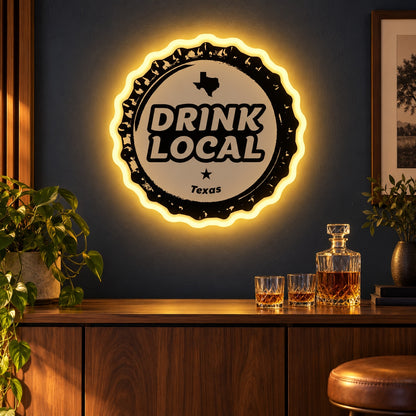Drink Local Texas LED Neon Sign - advertising view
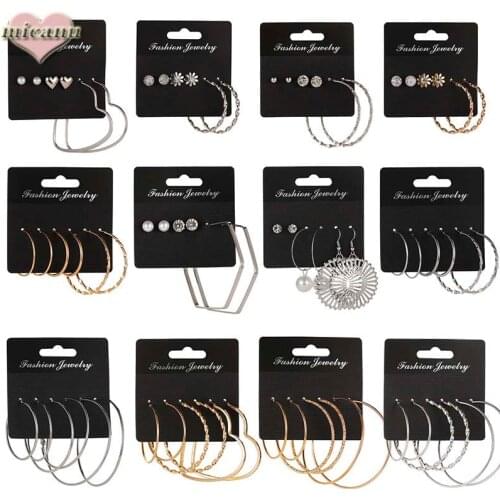 Hoop Pear Geometric Kolczyki Koła Crystal Aretes De Moda Earring Set Aesthetic+Accessorie Boucles D Oreille Femme Jewelry Star20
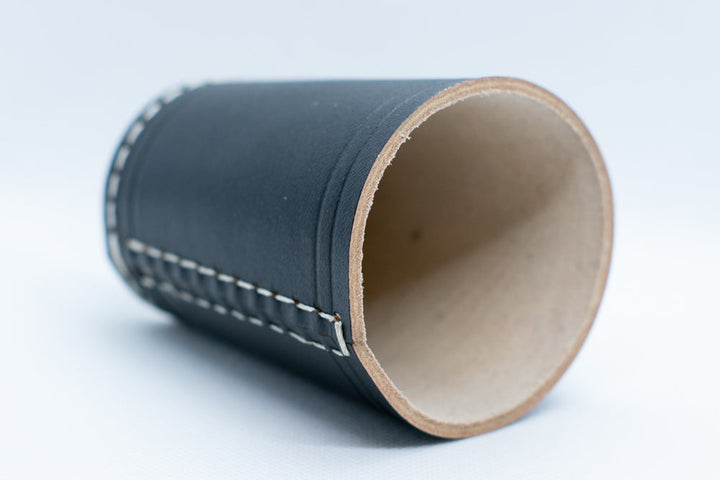 Handmade Leather Dice Cup (Black) No Lining white thread Simple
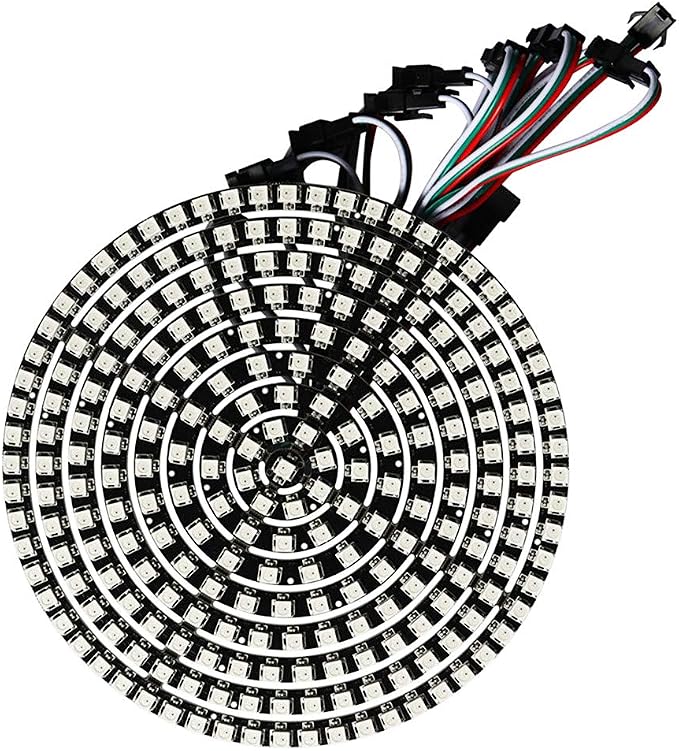 241 LEDs 9 Rings WS2812B 5050 RGB LED Ring Lamp Light Individually Addressable Full Dream Color DC5V with Mini Controller by WESIRI
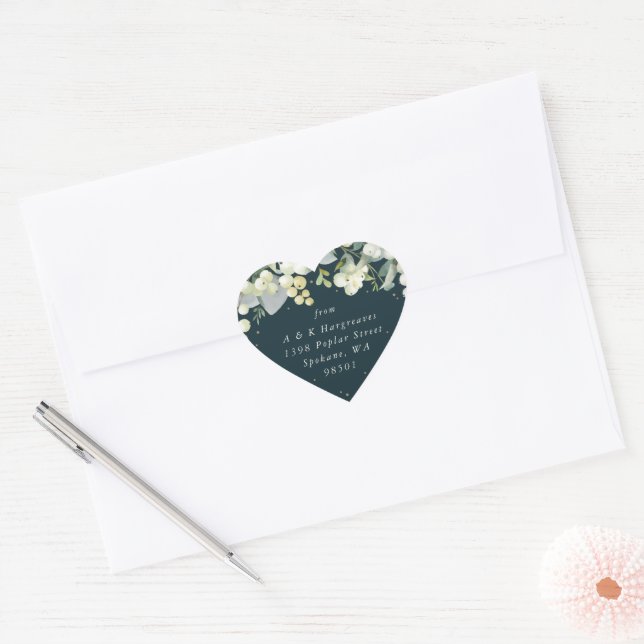 Green Snowberry+Eucalyptus Christmas Address Heart Sticker (Envelope)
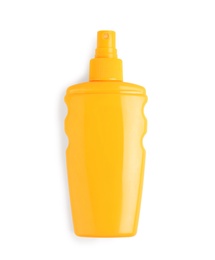 Bottle with sun protection body cream on white background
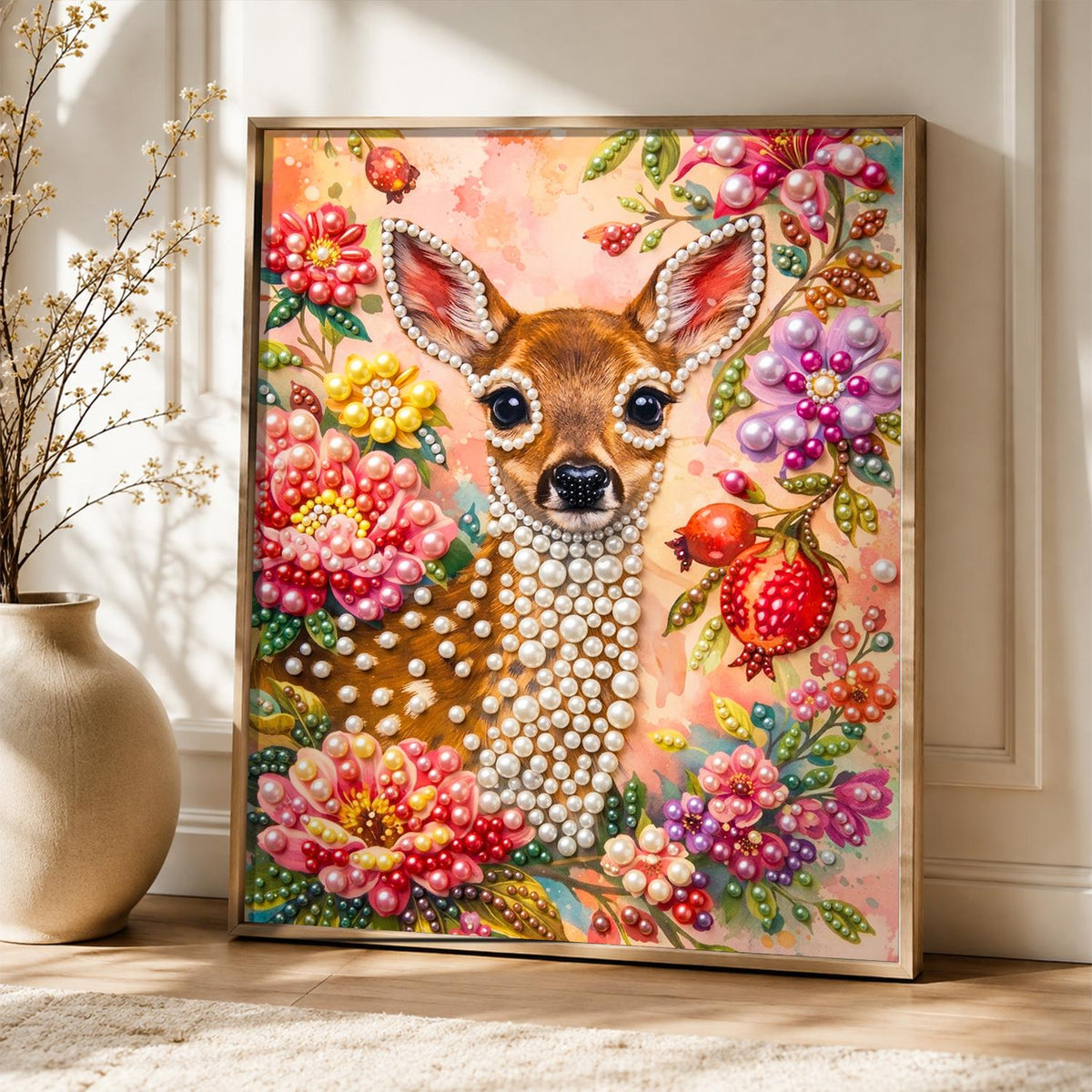 Fawn in a Pomegranate Garden pearl painting – image 5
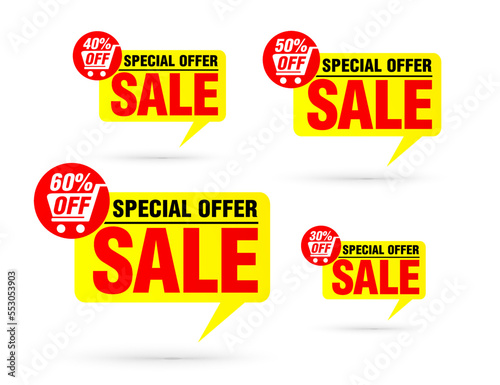 Sale yellow tag speech bubble set with shopping cart. Special offer 30%, 40%, 50%, 60% off discount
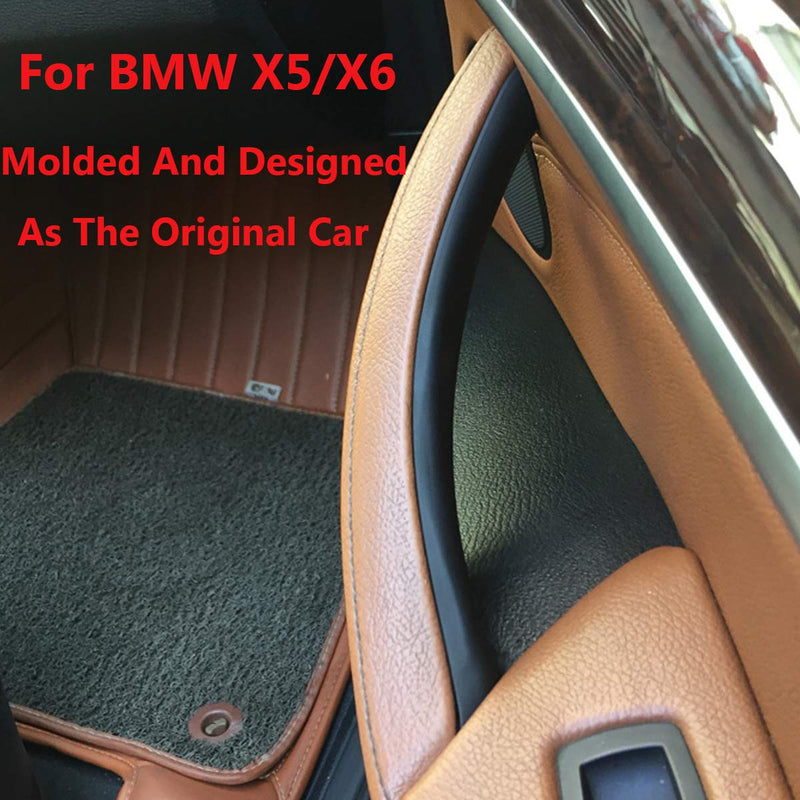 TTCR-II For BMW X5 X6 Door Handle Support Pull Strap, Interior Door Handle Inner Bracket Right Front/Right Rear Passenger Side Door Armrest Trim (Fits: BMW X5 2007-2013 and X6 2008-2014(Black, Right) Inner Trim - LeoForward Australia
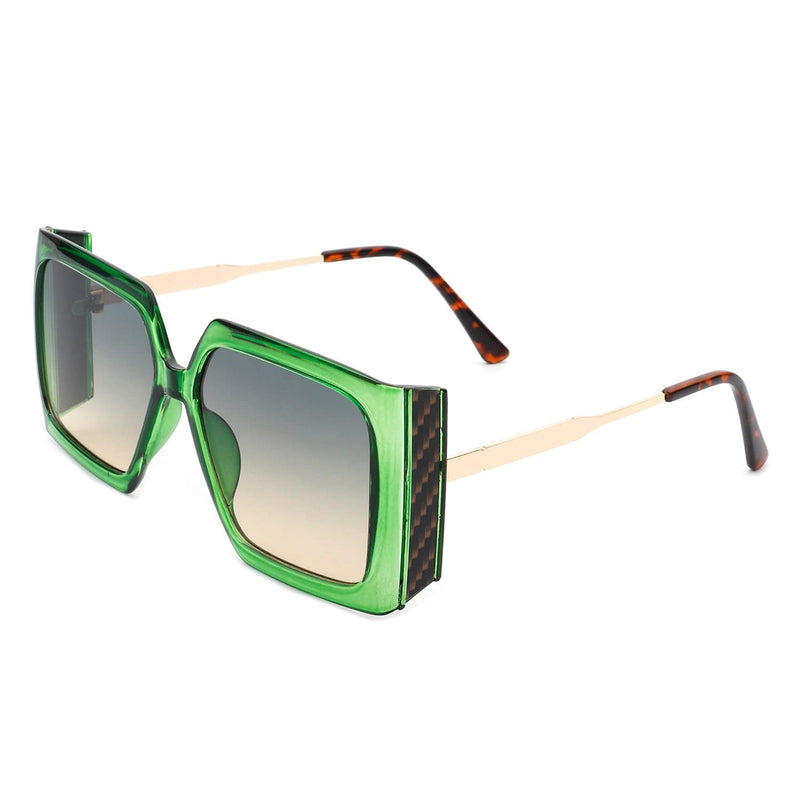 Cramilo Eyewear Sunglasses Green Yellowra - Women Oversize Retro Square Large Fashion Sunglasses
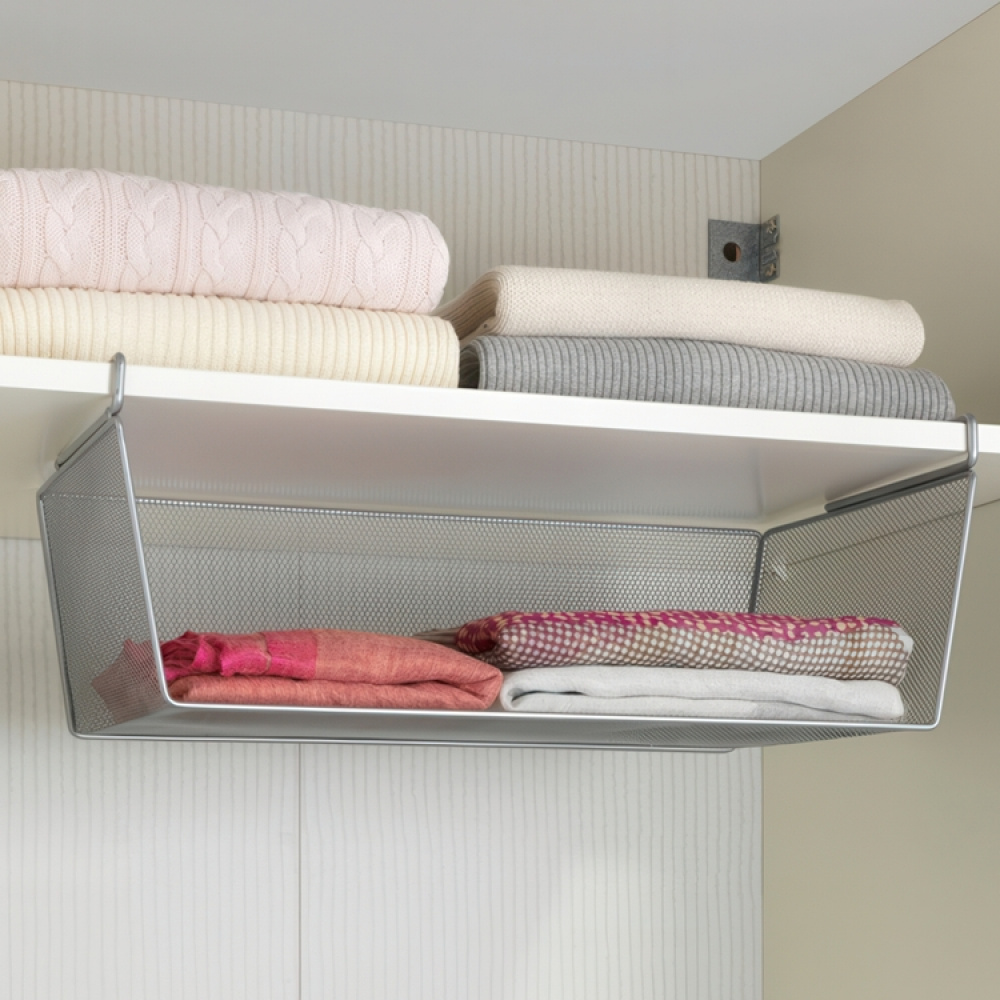 Under Shelf Storage Rack, Large, REGALEINHÄNGEKORB, 49 x 28 x H 18 cm, Silver-Grey in the group Storage / Kitchen storage / Kitchen cabinet organizers / Under shelf storage at SmartaSaker.se (41309)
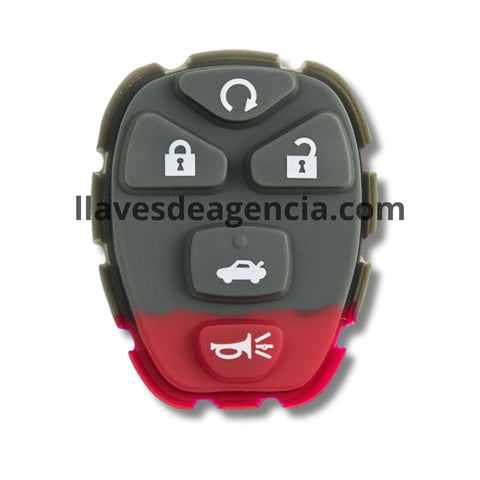 Detalle botonera goma repuesto control remoto Chevrolet Tahoe Suburban Avalanche Malibu 5 botones cajuela arranque remoto pánico
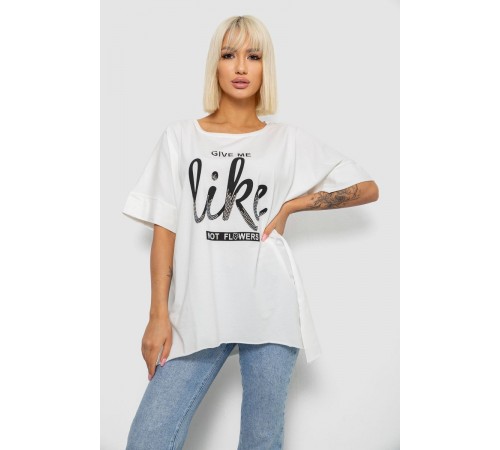 Футболка женская с принтом, цвет молочный, 244R4023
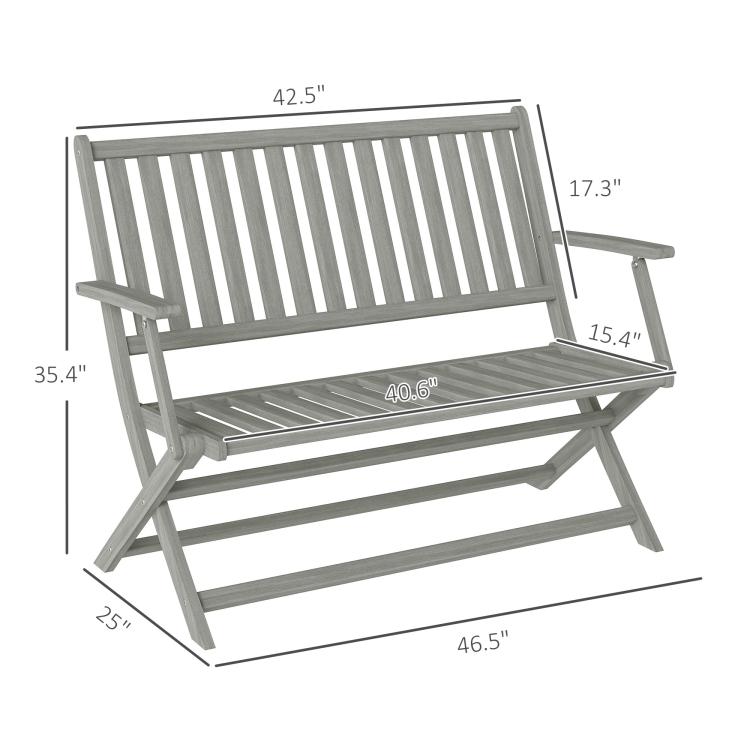 Gray foldable outdoor bench with dimensions, slatted seat and backrest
###
__Requirement__:
Every line above is to be duplicated exactly; no picture should be carried over.

__Result of this exercise__:
Drink Local Texas LED Neon Sign - advertising view
 Hoop Pear Geometric Kolczyki Koła Crystal Aretes De Moda Earring Set Aesthetic+Accessorie Boucles D Oreille Femme Jewelry Star20
 Handmade Leather Dice Cup (Black) No Lining white thread Simple
 241 LEDs 9 Rings WS2812B 5050 RGB LED Ring Lamp Light Individually Addressable Full Dream Color DC5V with Mini Controller by WESIRI
 Green Snowberry+Eucalyptus Christmas Address Heart Sticker (Envelope)
 Bottle with sun protection body cream on white background
 Fawn in a Pomegranate Garden pearl painting – image 5
 Sale yellow tag speech bubble set with shopping cart. Special offer 30%, 40%, 50%, 60% off discount
 TTCR-II For BMW X5 X6 Door Handle Support Pull Strap, Interior Door Handle Inner Bracket Right Front/Right Rear Passenger Side Door Armrest Trim (Fits: BMW X5 2007-2013 and X6 2008-2014(Black, Right) Inner Trim - LeoForward Australia
 Cramilo Eyewear Sunglasses Green Yellowra - Women Oversize Retro Square Large Fashion Sunglasses
 Under Shelf Storage Rack, Large, REGALEINHÄNGEKORB, 49 x 28 x H 18 cm, Silver-Grey in the group Storage / Kitchen storage / Kitchen cabinet organizers / Under shelf storage at SmartaSaker.se (41309)
 Detalle botonera goma repuesto control remoto Chevrolet Tahoe Suburban Avalanche Malibu 5 botones cajuela arranque remoto pánico
 Футболка женская с принтом, цвет молочный, 244R4023
 Gray foldable outdoor bench with dimensions, slatted seat and backrest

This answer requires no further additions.